Mesh and domain optimization strategies for a RANS solver to accurately estimate the open water propulsive characteristics of fixed pitch propellers are proposed based on examining the effect of different mesh and computation domain parameters. The optimized mesh and domain size parameters were selected using Design of Experiments (DoE) methods enabling simulations to be carried out in a limited memory environment, and in a timely manner; without compromising the accuracy of results. A Reynolds-Averaged Navier Stokes solver is used to predict the propulsive performance of a fixed pitch propeller. The predicted thrust and torque for the propeller were compared to the corresponding measurements.
A total of six meshing parameters were selected that could affect the computational results of propeller open water performance. A two-level fractional factorial design was used to screen out parameters that do not significantly contribute to explaining the dependent parameters: namely simulation time, propeller thrust and propeller torque. A total of 32 simulations were carried out only to find out that the selected six meshing parameters were significant in defining the response parameters. Optimum values of each of the input parameters were obtained for the DOE technique and additional simulations were run with those parameters. The simulation results were validated using open water experimental results of the same propeller.
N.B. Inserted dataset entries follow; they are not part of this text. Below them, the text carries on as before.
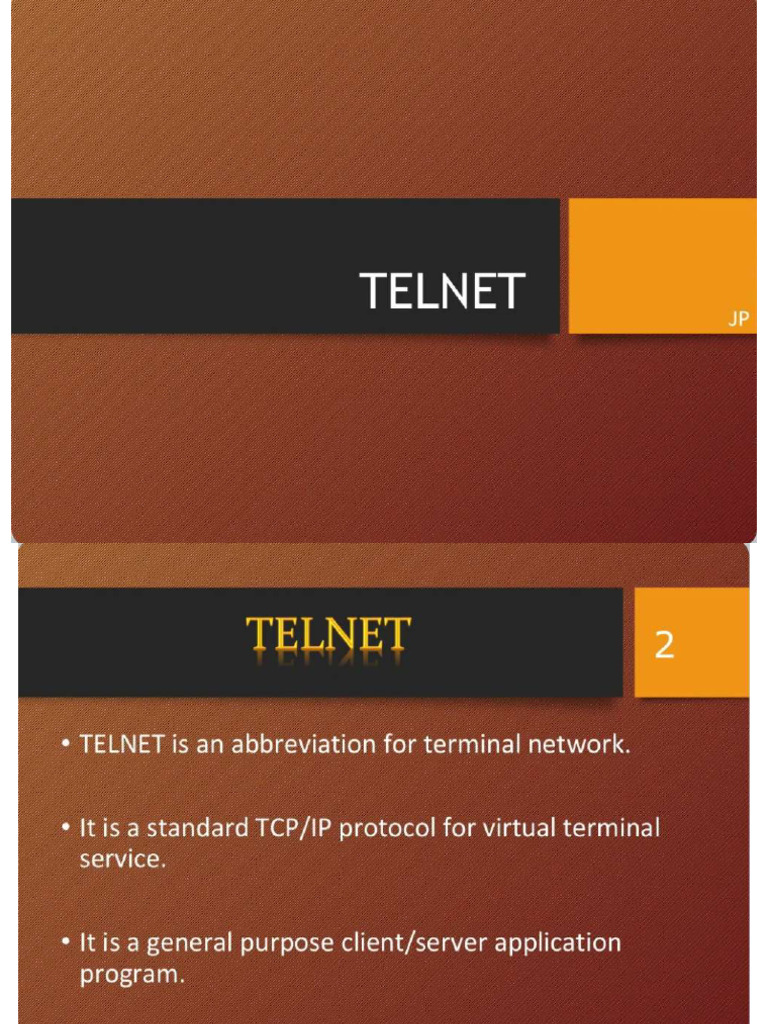 Telnet | PDF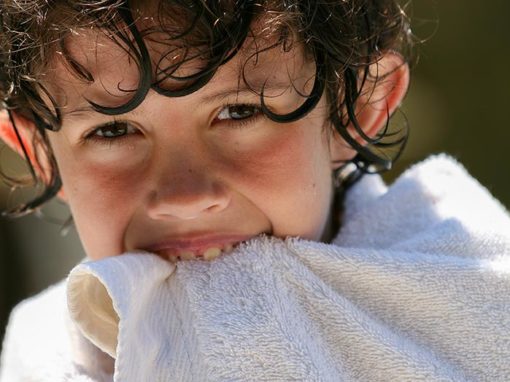 Boy in Towel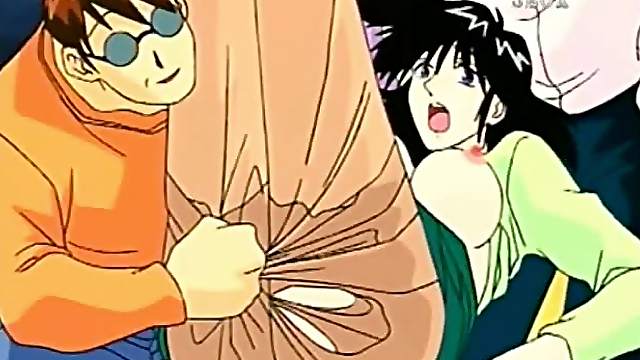 Housewife hentai brutally gangbanged by bandits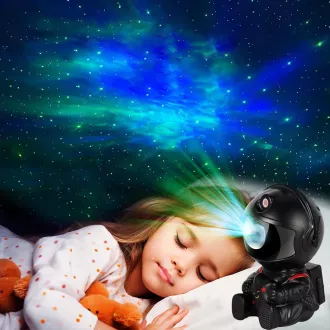 Nachtsternprojektor mit Fernbedienung - ASTRONAUT - schwarz Nachtsternprojektor mit Fernbedienung - ASTRONAUT - schwarz
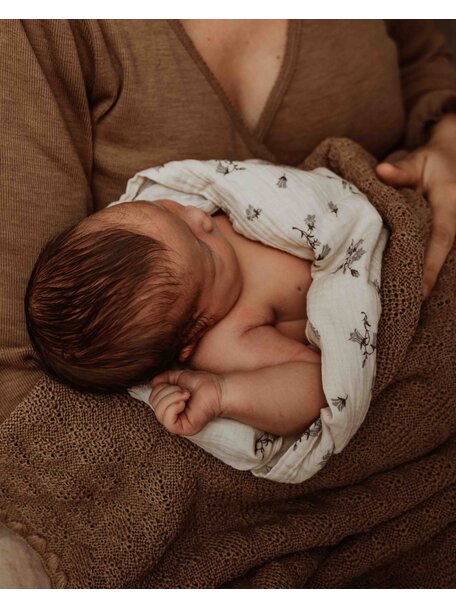 Disana Baby deken van wol - karamel  (exclusief bij Ziloen)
It was found that with the optimized meshing arrangement, the propeller opens simulation time was reduced by at least a factor of 6 as compared to the generally popular meshing arrangement. Also, the accuracy of propulsive characteristics was improved by up to 50% as compared to published simulation results. The methodologies presented in this paper can be similarly applied to other simulations such as calm water ship resistance, ship propulsion to systematically derive the optimized meshing arrangement for simulations with minimal simulation time and maximum accuracy. This investigation was carried out using STAR-CCM+, a commercial CFD package; however the findings can be applied to any RANS solver.